→ WORK ITEM: Your answer should consist solely of the lines from the first line of the data through the line with "32 Beden Nike Fileli 26/35 no aralığı", each reproduced exactly.

→ EXERCISE INPUTS:
————

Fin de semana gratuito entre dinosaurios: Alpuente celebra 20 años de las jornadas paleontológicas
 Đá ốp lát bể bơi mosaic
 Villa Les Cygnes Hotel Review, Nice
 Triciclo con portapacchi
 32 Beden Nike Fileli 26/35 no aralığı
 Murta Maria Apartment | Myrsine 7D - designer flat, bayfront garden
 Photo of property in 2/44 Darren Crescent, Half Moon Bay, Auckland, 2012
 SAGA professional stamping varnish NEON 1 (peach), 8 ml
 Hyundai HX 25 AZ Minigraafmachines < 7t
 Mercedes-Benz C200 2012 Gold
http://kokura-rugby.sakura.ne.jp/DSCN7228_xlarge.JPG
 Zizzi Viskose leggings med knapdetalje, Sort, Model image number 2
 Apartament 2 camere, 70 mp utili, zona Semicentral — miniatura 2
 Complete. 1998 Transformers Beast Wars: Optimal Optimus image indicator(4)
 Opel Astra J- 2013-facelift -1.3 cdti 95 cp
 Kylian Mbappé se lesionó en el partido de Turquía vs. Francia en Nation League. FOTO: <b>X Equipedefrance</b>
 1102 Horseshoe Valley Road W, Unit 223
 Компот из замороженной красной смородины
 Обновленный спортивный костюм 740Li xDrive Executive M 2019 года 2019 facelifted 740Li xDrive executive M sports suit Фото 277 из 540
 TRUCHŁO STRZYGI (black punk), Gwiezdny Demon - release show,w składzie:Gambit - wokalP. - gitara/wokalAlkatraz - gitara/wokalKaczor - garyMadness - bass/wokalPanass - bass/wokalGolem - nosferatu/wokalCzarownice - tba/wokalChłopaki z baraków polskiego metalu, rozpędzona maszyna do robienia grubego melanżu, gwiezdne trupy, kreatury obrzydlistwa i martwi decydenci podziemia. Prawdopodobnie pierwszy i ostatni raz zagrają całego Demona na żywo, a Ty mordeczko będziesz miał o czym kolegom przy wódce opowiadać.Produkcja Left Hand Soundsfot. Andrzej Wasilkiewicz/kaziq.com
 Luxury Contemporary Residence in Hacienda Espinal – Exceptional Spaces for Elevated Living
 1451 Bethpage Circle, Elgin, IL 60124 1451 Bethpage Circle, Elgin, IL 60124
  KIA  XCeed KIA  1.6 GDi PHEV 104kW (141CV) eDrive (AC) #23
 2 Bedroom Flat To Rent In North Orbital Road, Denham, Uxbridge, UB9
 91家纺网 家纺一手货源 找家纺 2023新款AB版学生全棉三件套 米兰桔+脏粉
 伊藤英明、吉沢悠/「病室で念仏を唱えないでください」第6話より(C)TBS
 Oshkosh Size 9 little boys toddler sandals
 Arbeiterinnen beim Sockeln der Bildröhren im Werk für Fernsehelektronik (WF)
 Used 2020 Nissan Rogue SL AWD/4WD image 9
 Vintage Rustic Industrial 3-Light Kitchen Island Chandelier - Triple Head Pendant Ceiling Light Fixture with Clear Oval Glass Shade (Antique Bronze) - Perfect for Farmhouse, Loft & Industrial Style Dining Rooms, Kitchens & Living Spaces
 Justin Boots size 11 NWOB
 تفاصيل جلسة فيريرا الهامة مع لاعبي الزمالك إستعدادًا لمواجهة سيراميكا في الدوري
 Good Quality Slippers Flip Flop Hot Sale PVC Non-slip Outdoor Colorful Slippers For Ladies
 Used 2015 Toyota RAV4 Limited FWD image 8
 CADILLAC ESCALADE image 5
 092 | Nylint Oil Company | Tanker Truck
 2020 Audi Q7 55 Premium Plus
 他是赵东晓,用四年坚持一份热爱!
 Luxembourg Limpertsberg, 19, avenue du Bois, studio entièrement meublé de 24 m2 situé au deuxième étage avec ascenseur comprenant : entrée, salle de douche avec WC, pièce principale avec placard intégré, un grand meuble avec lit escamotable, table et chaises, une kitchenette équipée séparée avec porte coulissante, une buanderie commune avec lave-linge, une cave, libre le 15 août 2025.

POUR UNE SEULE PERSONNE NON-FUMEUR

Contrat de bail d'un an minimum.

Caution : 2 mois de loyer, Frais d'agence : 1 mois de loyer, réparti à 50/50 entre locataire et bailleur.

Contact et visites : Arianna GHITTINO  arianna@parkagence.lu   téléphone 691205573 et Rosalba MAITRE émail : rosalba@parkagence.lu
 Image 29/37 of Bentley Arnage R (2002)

————

→ EXPECTED ANSWER:
Fin de semana gratuito entre dinosaurios: Alpuente celebra 20 años de las jornadas paleontológicas
 Đá ốp lát bể bơi mosaic
 Villa Les Cygnes Hotel Review, Nice
 Triciclo con portapacchi
 32 Beden Nike Fileli 26/35 no aralığı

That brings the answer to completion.